Canadian Forest Service Publications
Error reduction methods for local maximum filtering. 2000. Wulder, M.A.; Niemann, O.; Goodenough, D.G. Pages 67-74 in Remote Sensing and Spatial Data Integration: Measuring, Monitoring and Modelling., Proceedings: 22nd Symposium of the Canadian Remote Sensing Society. August 20-25, 2000, Victoria, British Columbia. Canadian Remote Sensing Society, Ottawa.

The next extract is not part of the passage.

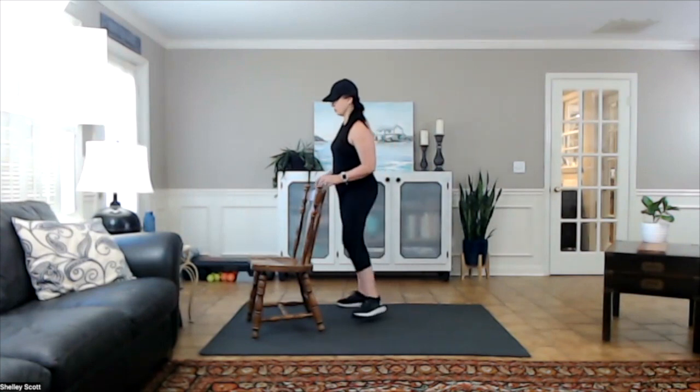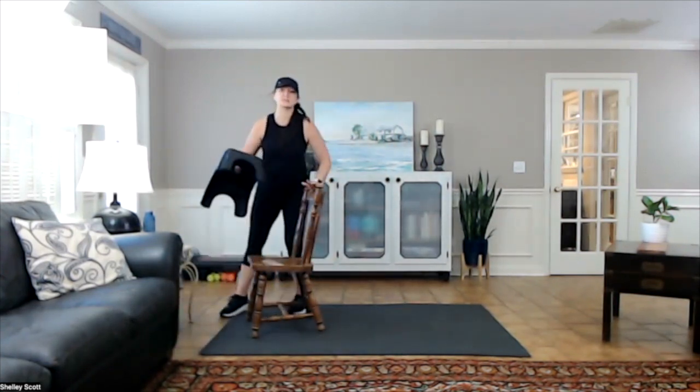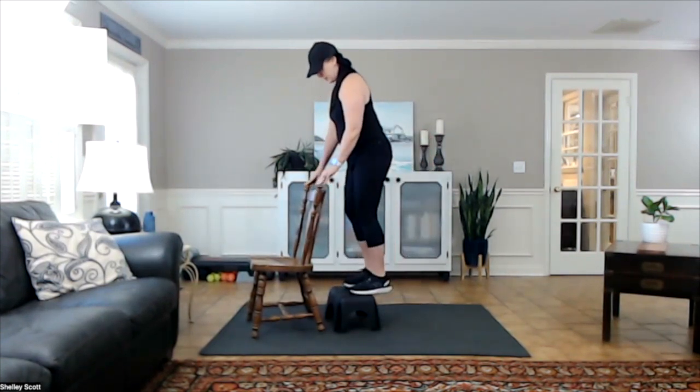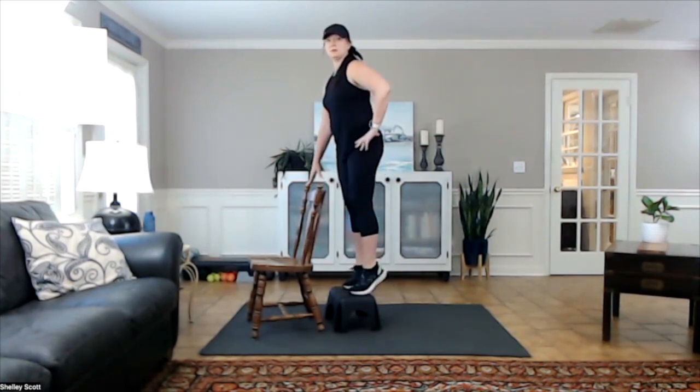Squeeze, and back down. I want you to keep going. I want to show you a harder level — if you have something, it doesn't even have to be something this tall. It could actually be even a two-by-four or something else that you can let the calves come down on, hang down, and come up.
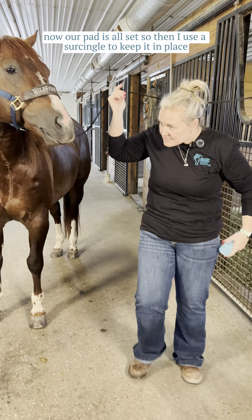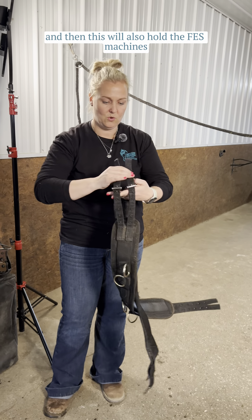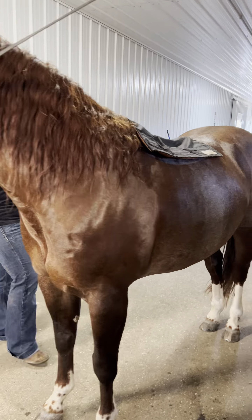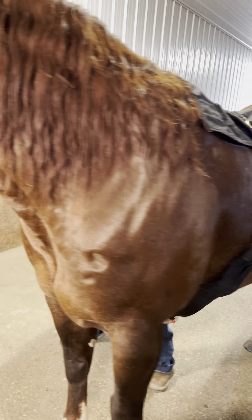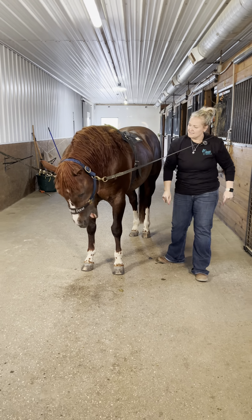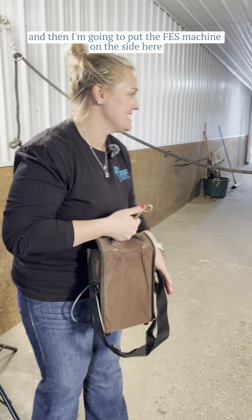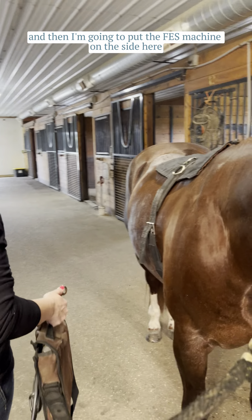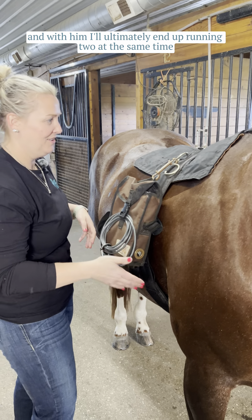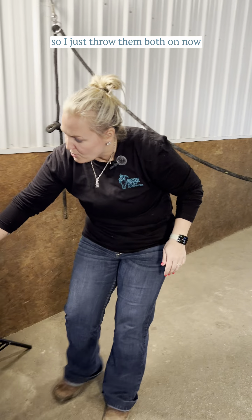Now our pad is all set. I use a surcingle to keep it in place, and this will also hold the FES machine. Then I'm going to put the FES machine on the side here. With him, I'll ultimately end up running two at the same time — one for his neck and then one for his hind end — so I just throw them both on now.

Available from: Pacific Forestry Centre
Catalog ID: 5515
Tree crown recognition using high spatial resolution remotely sensed imagery provides useful information relating the number and distribution of trees in a landscape. A common technique used to identify tree locations uses a local maximum (LM) filter with a static-sized moving window. LM techniques operate on the assumption that high local radiance values represent the centroid of a tree crown.
While success has been found using LM techniques various authors have noted the introduction of error through the inclusion of falsely identified trees. Missing trees, or omission error, are primarily the result of too coarse an image spatial resolution (in relation to the size of the trees present). Falsely indicated trees (commission error) may be removed through image processing post-LM filtering.
In this paper we present a variety of techniques for addressing commission error when applying a LM technique. Methods exploiting spatial and spectral information are applied. The best results, where the number of correct trees is high with few false positives, are found for a spatial filter applied to LM generated within variable window sized as suggested by image spatial structure.